**What you have to do:** Omit all pictures, and print word for word only the lines from the one containing "Qətllərin artma səbəbi" through the end of the data.

**Records provided:**

· · · · ·

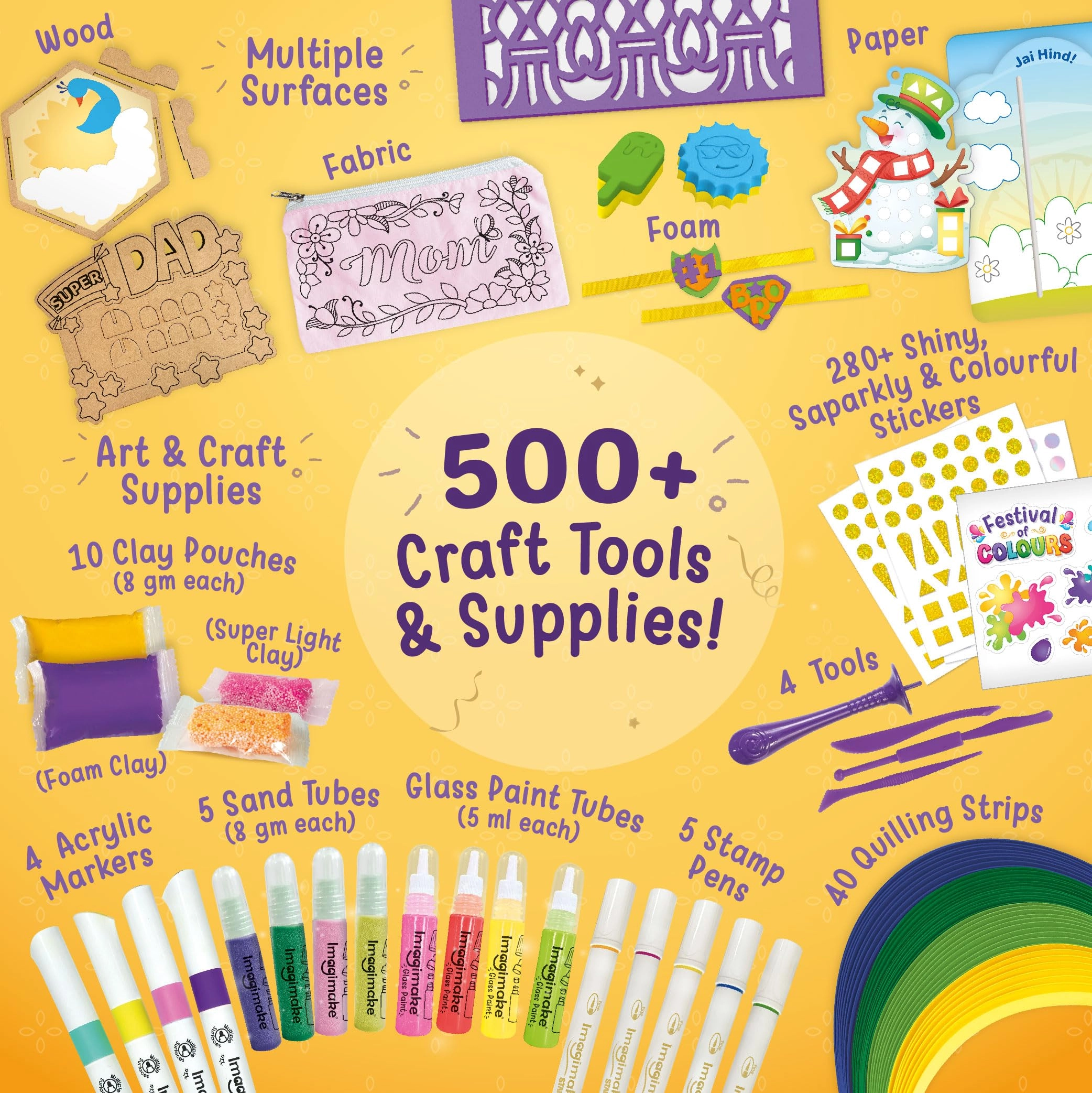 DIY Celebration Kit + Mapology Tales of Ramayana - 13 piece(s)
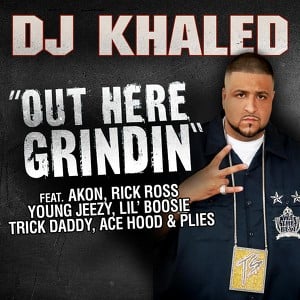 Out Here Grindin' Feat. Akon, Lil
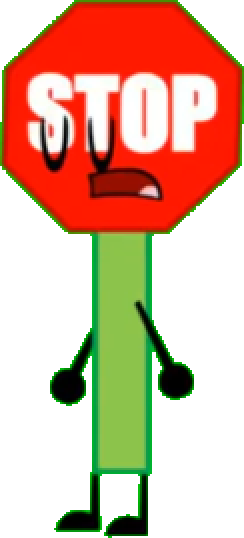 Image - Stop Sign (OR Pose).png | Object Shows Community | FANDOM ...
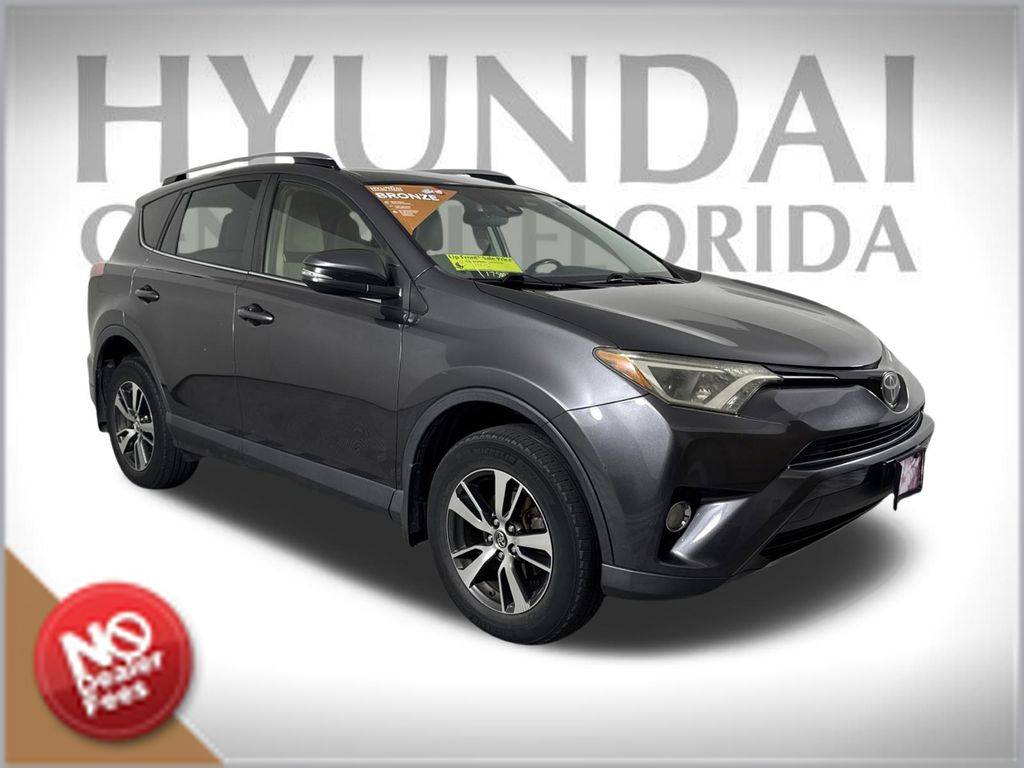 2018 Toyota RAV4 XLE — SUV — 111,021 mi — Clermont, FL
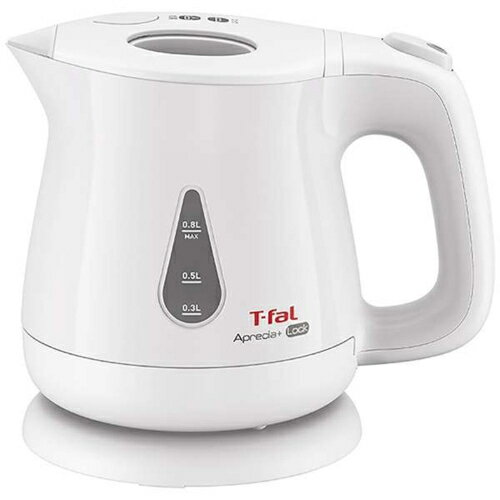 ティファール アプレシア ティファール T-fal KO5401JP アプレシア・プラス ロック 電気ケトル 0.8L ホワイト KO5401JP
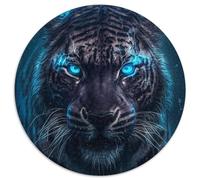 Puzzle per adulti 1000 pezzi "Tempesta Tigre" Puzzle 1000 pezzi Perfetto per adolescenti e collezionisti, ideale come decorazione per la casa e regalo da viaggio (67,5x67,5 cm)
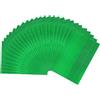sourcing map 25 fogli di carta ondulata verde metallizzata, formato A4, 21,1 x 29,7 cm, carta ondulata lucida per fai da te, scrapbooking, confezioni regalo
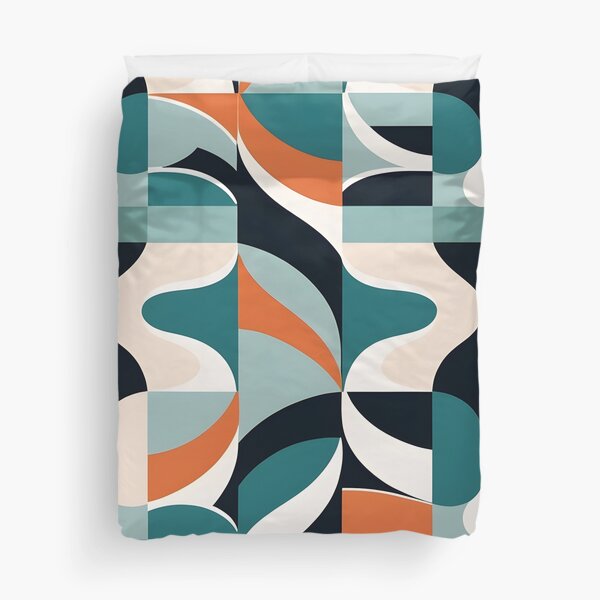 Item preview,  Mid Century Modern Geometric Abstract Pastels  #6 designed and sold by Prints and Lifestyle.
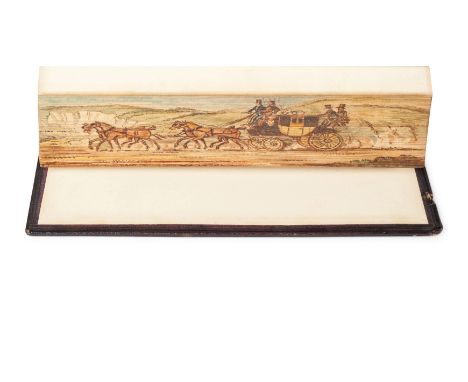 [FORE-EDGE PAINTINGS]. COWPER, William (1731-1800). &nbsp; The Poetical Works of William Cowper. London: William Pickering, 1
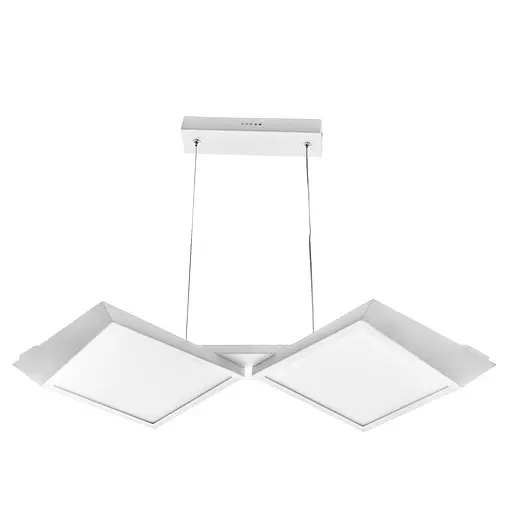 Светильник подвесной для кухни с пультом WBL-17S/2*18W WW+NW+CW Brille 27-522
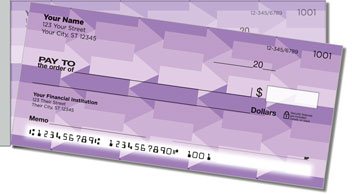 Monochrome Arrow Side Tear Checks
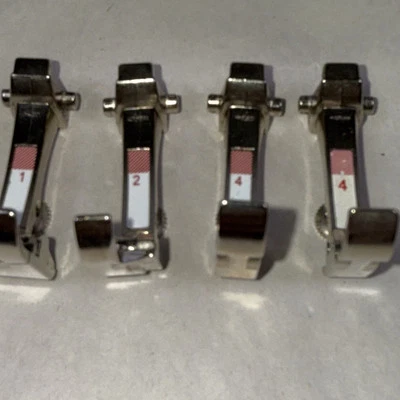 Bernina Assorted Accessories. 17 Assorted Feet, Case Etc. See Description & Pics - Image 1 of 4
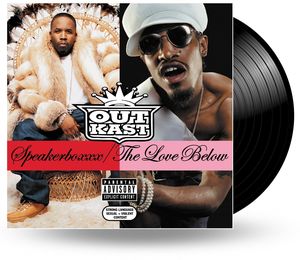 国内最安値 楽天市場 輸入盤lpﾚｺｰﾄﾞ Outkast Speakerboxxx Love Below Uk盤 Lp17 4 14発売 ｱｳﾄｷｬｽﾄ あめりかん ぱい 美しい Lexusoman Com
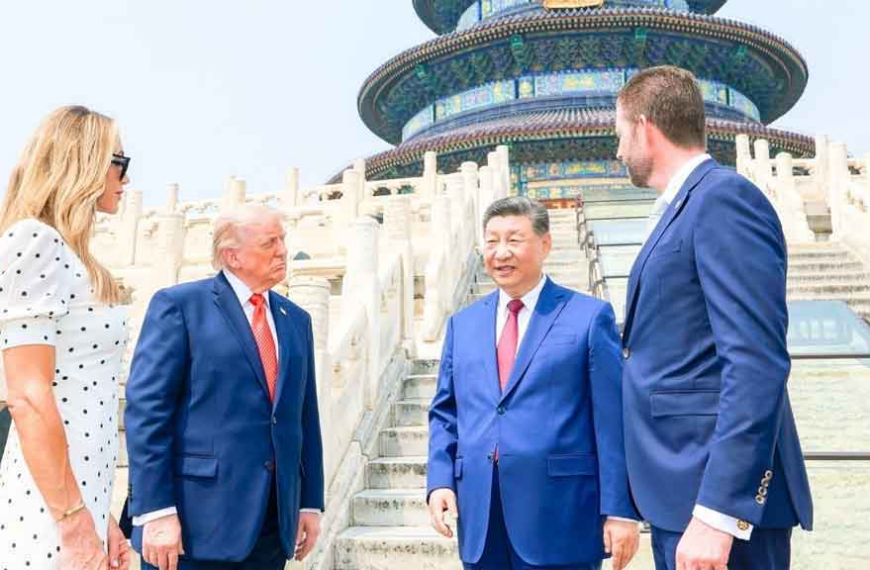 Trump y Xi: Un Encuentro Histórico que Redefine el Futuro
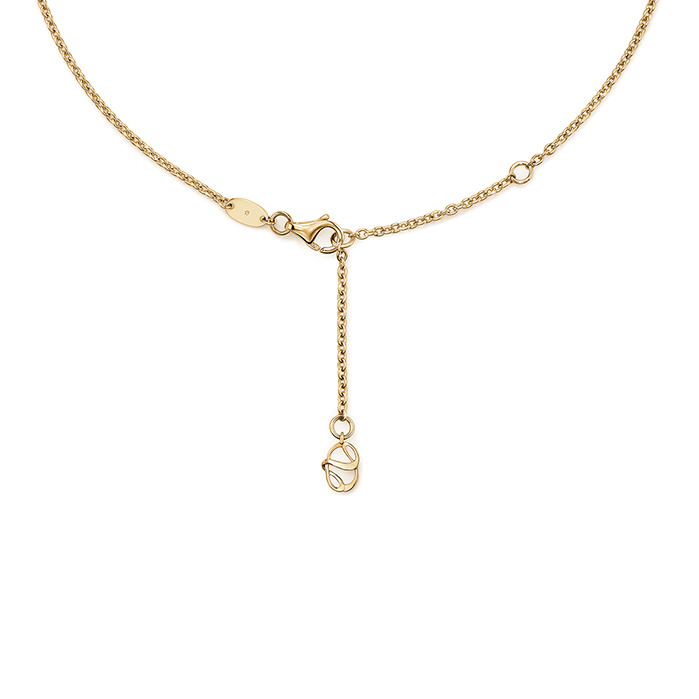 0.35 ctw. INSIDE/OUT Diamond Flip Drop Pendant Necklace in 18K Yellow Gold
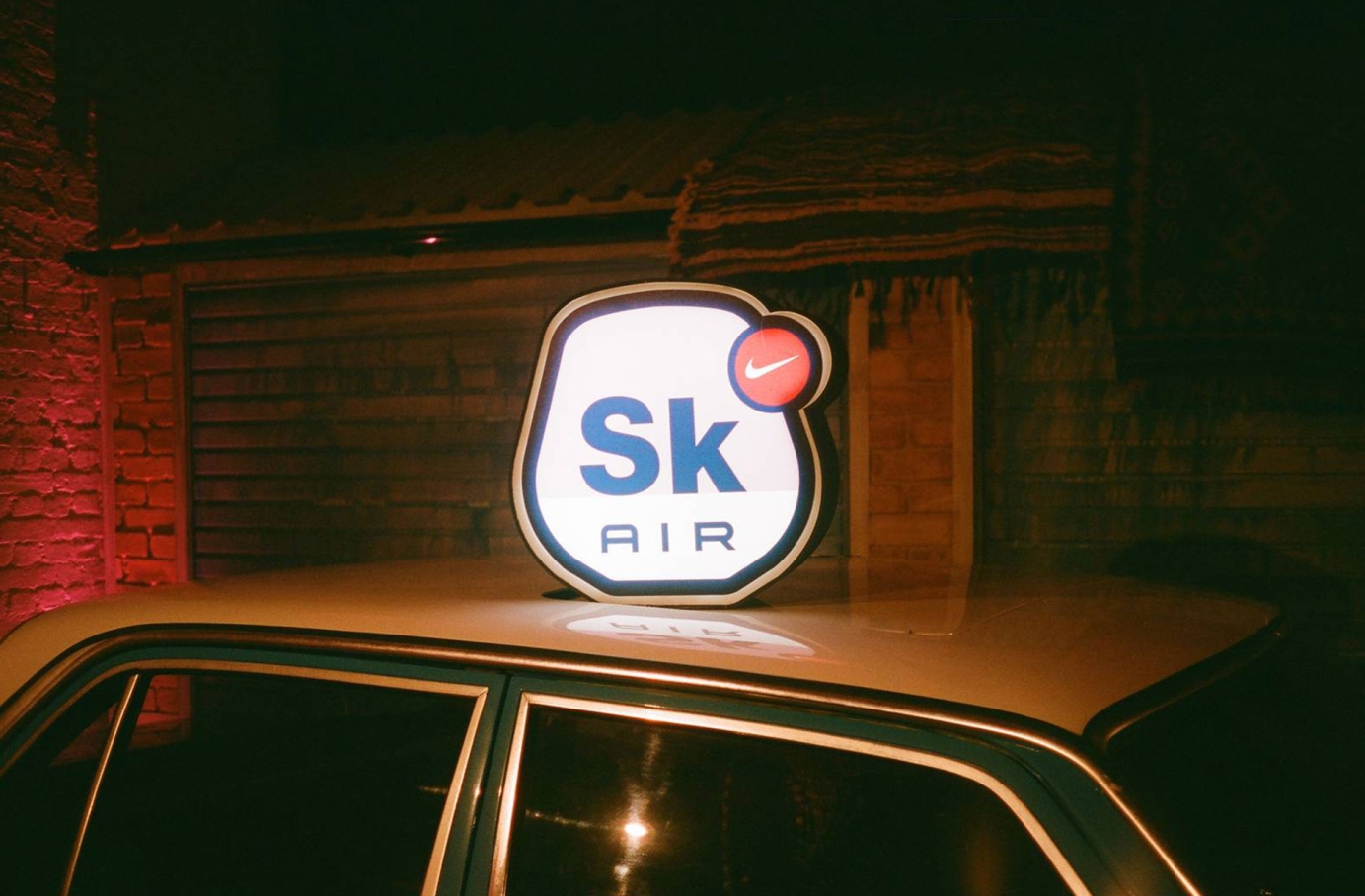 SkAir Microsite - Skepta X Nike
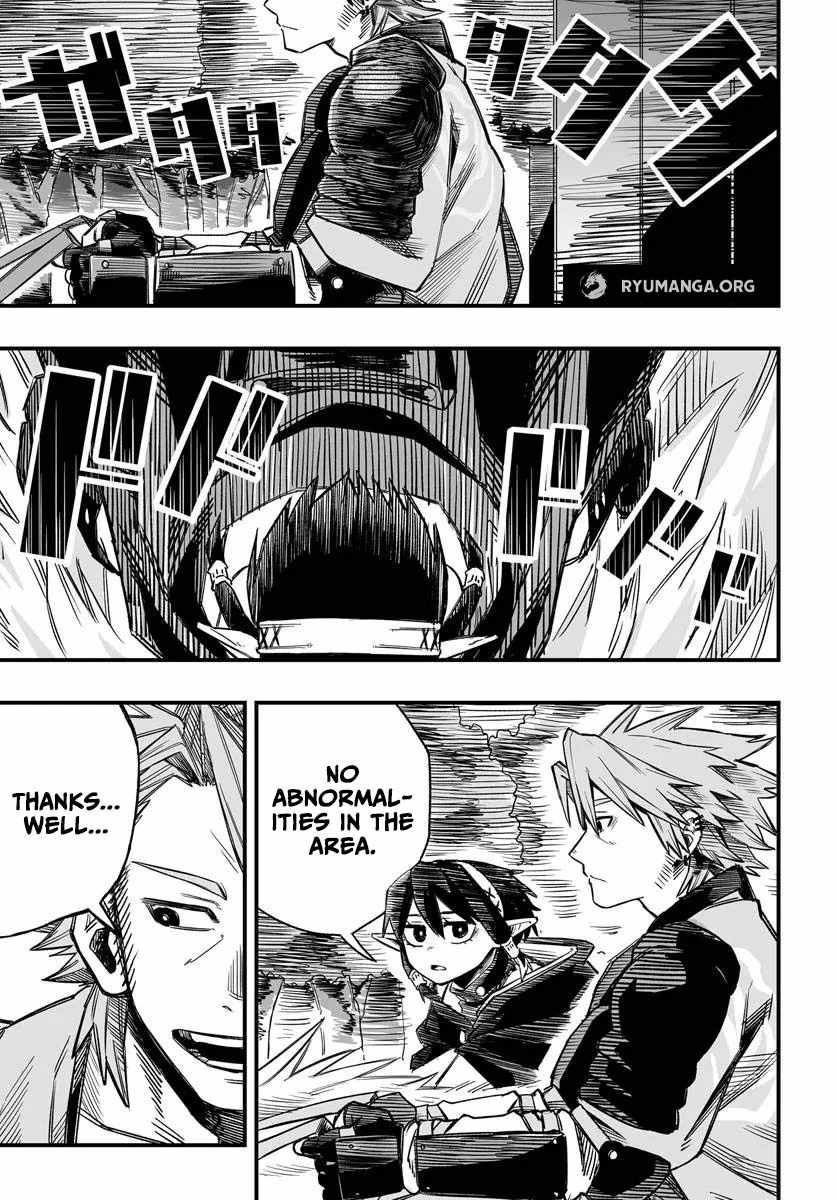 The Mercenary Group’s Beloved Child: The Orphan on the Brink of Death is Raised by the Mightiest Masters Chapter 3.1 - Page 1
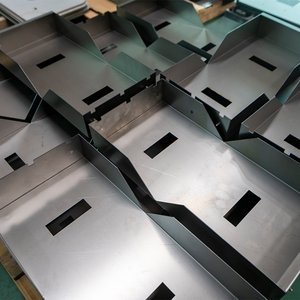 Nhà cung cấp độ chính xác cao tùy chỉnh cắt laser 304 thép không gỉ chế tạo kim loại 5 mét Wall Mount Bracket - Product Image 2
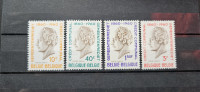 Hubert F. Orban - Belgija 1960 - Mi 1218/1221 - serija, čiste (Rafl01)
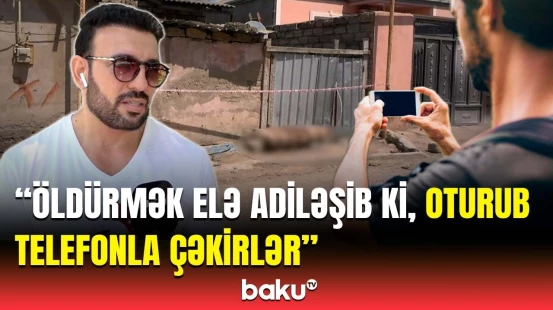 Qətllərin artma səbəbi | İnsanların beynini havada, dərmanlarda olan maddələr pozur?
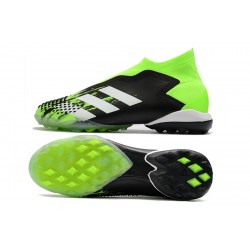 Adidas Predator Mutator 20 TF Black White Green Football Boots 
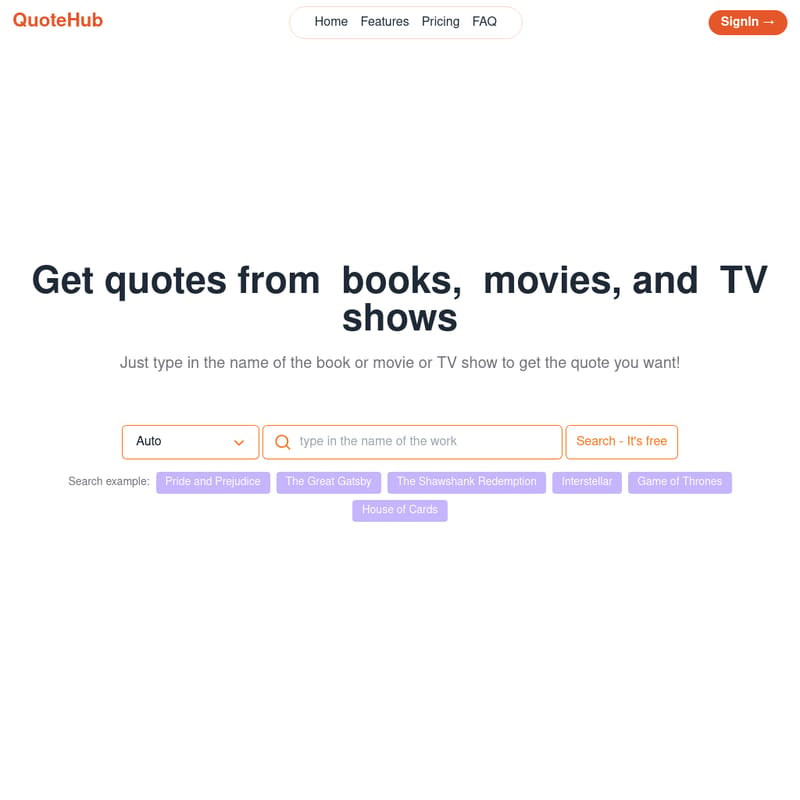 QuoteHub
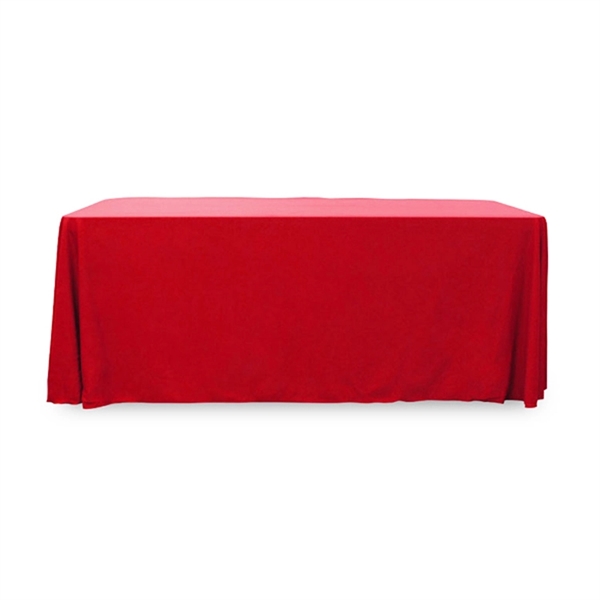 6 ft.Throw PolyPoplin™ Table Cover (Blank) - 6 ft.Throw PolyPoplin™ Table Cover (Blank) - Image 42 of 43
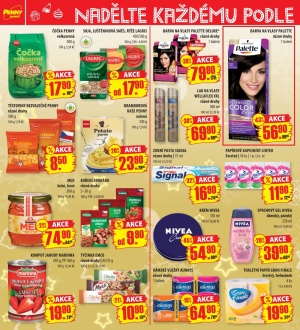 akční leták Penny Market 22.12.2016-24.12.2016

· · · · ·

**Exercise result:**
 Qətllərin artma səbəbi | İnsanların beynini havada, dərmanlarda olan maddələr pozur?
 Adidas Predator Mutator 20 TF Black White Green Football Boots 
 QuoteHub
 6 ft.Throw PolyPoplin™ Table Cover (Blank) - 6 ft.Throw PolyPoplin™ Table Cover (Blank) - Image 42 of 43
 akční leták Penny Market 22.12.2016-24.12.2016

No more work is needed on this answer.